The main reason for their popularity is people’s willingness to view such series as authentic history.
And herein lies the catch. It is simplified and rearranged order of events laced with plenty of glamour. The usual human concerns like love and emotional entanglements, too, form part of the staple recipe.
In India, too, such stuff was churned out. Initially, there was some fascination with Mughal emperors. After independence, there was an overlay of mythological Ramayan and Mahabharata that set the screen ablaze.
It was realized that more people could glue themselves to the small screen than cinema where they had to spend a bit of money.
The viewership was unprecedented. People viewed such events as historical facts not as mythology. The supernatural was seen to be a potent historical force that determined the course of history.
History is a serious subject which is a narration of events in a certain order backed by references and evidence.
It is an academic discipline. Historians don’t claim absolute truth or monopoly over facts. And this is what differentiates it from television docudrama.
Poetic truth usually prevails over historical truth and this is how it should be in art. If it is history, then it should be otherwise.
These historical dramas are encroaching upon more and more territory by eroding the definite boundaries between fact and fiction.
Many historians and critics have objected to these serials and films. In the course of history, the historical accounts have been written or documented by those who could afford it –the courts, the religious establishments, hence the bias.
But when history is read as history, it is to look into the areas where the historian has not really been able to establish his argument and build his case. It is the number of citations, the lack of them, or the selective absence of a few that can put the entire argument into doubt.

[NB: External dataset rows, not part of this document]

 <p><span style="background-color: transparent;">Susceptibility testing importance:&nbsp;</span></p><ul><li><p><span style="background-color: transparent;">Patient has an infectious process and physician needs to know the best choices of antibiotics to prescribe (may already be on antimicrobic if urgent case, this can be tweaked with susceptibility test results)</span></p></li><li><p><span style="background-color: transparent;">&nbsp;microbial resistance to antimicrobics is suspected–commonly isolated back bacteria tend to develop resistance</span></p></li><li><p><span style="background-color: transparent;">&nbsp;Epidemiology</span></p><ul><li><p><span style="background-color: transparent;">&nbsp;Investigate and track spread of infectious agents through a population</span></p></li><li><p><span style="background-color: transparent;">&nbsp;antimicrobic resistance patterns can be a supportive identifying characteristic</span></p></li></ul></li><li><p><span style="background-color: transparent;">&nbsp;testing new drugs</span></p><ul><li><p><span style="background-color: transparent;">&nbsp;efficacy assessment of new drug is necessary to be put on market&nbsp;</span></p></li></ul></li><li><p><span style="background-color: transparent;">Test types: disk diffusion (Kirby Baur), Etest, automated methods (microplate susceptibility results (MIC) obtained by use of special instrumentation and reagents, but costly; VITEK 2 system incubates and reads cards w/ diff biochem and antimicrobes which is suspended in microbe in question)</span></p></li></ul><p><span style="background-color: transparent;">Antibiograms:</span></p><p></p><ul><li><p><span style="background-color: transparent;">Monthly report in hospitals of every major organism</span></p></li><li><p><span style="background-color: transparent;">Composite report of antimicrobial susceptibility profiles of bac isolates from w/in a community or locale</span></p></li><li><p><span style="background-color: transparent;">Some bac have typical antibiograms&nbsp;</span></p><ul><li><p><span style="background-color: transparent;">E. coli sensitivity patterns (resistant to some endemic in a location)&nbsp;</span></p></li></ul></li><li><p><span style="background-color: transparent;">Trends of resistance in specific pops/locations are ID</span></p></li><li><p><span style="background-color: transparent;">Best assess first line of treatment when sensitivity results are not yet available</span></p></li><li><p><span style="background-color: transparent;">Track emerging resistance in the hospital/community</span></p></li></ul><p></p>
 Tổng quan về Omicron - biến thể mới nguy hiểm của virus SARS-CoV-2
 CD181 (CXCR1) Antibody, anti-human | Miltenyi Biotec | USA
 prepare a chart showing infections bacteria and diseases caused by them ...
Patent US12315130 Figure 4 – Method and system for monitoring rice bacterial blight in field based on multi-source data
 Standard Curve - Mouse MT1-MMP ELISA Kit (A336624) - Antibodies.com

Then one would say that this is the approach of a specialist and that the ordinary person is not supposed to be making all this effort.
It is true that history is a serious subject and should be taken that way, and it should be followed in its spirit of having met the core requirement of a research enterprise.
These films, or television serials easily these core hurdles and present a dramatized version. The viewers are carried along, according to Coleridge, through a willing suspension of disbelief.
This does not raise questions, but is accepted in a more wholesome manner than a mere rational nod.
Therefore, these works should be judged from the point of view of art rather than strict history. The raw material, of course, is the life of a person who existed in history or an event of momentous nature that happened at a certain time.
However, such dramatized versions should only be taken as a form of art, meant to entertain, and not credible and objective facts.
The two are different and should stay so. These serials actually blur the boundaries and take advantage of the “suspension of disbelief” by passing art for history.
They hunt on both sides of the divide: social science as well as art, and sometimes do not come up to standards of either.